Question

Check my working and/or reasoning please? Trig Identities.

Answer 1

Solve the following:

\[\arcsin \frac{ x }{ x-1 } + 2 \arctan \frac{ 1 }{ x+1 } = \pi/2\]

I just want to make sure that I didn't come across the answer "the wrong way", haha. Please bear with, there is a lot of working!

Answer 2

So:

\[\sin a = \frac{ x }{ x-1 } \neq \tan b = \frac{ 1 }{ x+1 } \]

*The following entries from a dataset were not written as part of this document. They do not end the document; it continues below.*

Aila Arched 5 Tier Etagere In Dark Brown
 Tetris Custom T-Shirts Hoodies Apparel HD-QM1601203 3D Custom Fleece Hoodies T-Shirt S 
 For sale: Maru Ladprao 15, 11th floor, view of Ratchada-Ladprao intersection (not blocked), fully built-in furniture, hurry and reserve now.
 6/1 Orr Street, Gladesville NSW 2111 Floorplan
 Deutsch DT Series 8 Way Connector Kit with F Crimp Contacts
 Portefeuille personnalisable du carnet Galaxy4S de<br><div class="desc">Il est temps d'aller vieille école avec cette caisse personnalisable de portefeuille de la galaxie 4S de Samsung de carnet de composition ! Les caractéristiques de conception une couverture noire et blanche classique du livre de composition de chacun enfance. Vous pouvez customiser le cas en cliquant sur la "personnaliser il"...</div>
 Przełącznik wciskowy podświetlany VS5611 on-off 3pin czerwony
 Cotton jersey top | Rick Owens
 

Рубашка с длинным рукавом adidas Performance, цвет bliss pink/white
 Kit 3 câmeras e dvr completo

\[a + 2b = \pi/2 = \cos(a + 2b) = 0\]

\[\cos a \cos 2b - \sin a \sin 2b = 0\]

\[\cos a = \sqrt (1 - \sin a ^2) = \sqrt(1 - \frac{ x }{ x-1 } ^2 )= \frac{ \sqrt(1-2x) }{ x-1}\]

to be continued

Answer 3

\[\cos b = \frac{ x+1 }{ \sqrt((x+1)^2 +1)} = \frac{ x+1 }{ \sqrt(x^2+2x+2 }\]

\[\sin b = \frac{ 1 }{\sqrt( x^2+2x+2 )}\]

\[\sin 2b = 2 * \cos b * \sin b = 2 * \frac{ x+1 }{ \sqrt (x^2+2x+2) } * \frac{ 1 }{ \sqrt (x^2+2x+2) } = \frac{ 2x+2 }{ (x^2+2x+2) }\]

\[\cos 2b = \cos b^2 - \sin b^2 = \frac{ x+1 }{ \sqrt (x^2+2x+2) } ^2 - \frac{ 1 }{ \sqrt (x^2+2x+2) }^2 = \frac{ x }{ (x^2+2x+2) }\]

to be continued

Answer 4

\[0 =\frac{ \sqrt 1-2x }{ x-1} * \frac{ x }{ x^2 +2x +2 } - \frac{ 2x+2 }{ x^2 +2x +2 }*\frac{ 1 }{ x^2 +2x +2 }\]

Answer 5

at this point, i have a feeling I need to do more working to "solidly" prove it, but I can see at a glance that x would have to be 0 in order for the end result to be zero. Other than that, have I gone about this the right way? are there some last steps I need to do?

Answer 6

wow lmao